Super Messianic / Trying to Replace Christ and the Church
—–This is probably where I lost some of you. What do I mean when I say Idol and TV is messianic? Well, Christ is the savior of the world; therefore, anything that claims to be the source for solving the world’s problems is trying to be messianic. Also, Christ is the ONE who is meant to unite ALL things in Himself (Ephesians 1:10). He is the unifier. Anything that attempts to be the one source of common ground for all peoples is also trying to replace the true messiah. Do not take this to mean that I think they are consciously trying to subvert the church. Of course not. They are just trying to push their agenda to be your all in all.
—–First, I think we should all be leery of anyone that makes the claim that all the world’s problems can be solved if you join with him. Here is a Ryan Seacrest quote from last night, “[Idol gives back] is about changing the world and securing a future.” Wow! Beat your swords into pruning hooks and turn your missile silos into ice cream stands! Finally, the golden age is here, no evangelism or martyrdom required, only TV antennas and a credit card.

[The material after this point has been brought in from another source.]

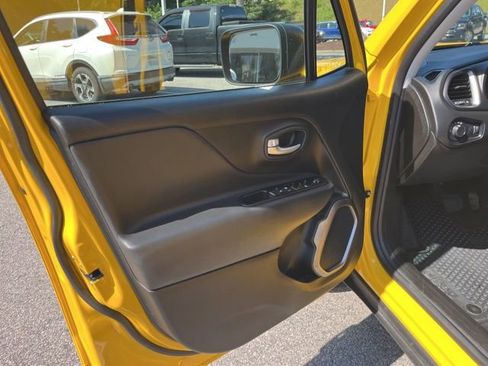 Used 2023 Jeep Renegade Latitude AWD/4WD image 5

—–Second, Idol and other shows promise to solve our problems through stuff. For example, I am glad Tye Pennington does what he does. It makes for a cool show about destroying and building things. It also gives people, usually pretty good people, some cool possessions. And it gives some chances for major construction companies to get publicity while making lots of sweet cash for the producers (I am still a capitalist, I just do not think they should claim they are being selfless).
—–Do not be fooled, however, into accepting wealth as a savior. For Extreme Home Makeover, the answer to the blind, crippled, bereaved, or over burdened is not the Resurrection or the help of the church, it is a ridiculously big house and everything you have ever coveted. That show is not about helping people out. If it was, they could help 50 people in one show with all that money, but they wouldn’t be able to keep you captivated. The show is about recompensing a person for the bad hand they have been given by giving them complete opulence. When in truth, the Ressurrection is your vindication, not a 70 inch TV. (Still I am glad that some of these hard-working people get helped out.)
—–Third, Idol and other shows promise to solve our problems through programs. Those dirty-faced, mountain children get an afterschool program. That’s the ticket. Now, through team building games, internet access, and books all their problems will be solved. Which I think that translates into, “They can make much more money when they grow up.” Perhaps, these people have issues going on that programs cannot solve. We see no Father and a house where there is no attempt toward stewardship of what they have been given, and, yet again, money is the answer. Sure.
—–Fourth, there are the mesquito nets, which prevent the spread of malaria during sleep. I actually like this one, but let us not think that we can save the Africans by sending them more stuff. Those who have worked first-hand with them know that this is the common error Americans make. Still, this one has a good chance of going to good use.
—–Everyone who American Idol ministers to, needs the gospel. They need the death and resurrection of Jesus Christ to break into their lives and change who they are and to build their lives around Christ. We can do lots of helpful things, but real change never comes through feel-good, profit mongering. It comes through a once dead man who now reigns with the Father, as He puts all his enemies under his feet.
—–So, do not think I am saying not to watch American idol. Just keep the Messiah as your hope and have no idols before Him.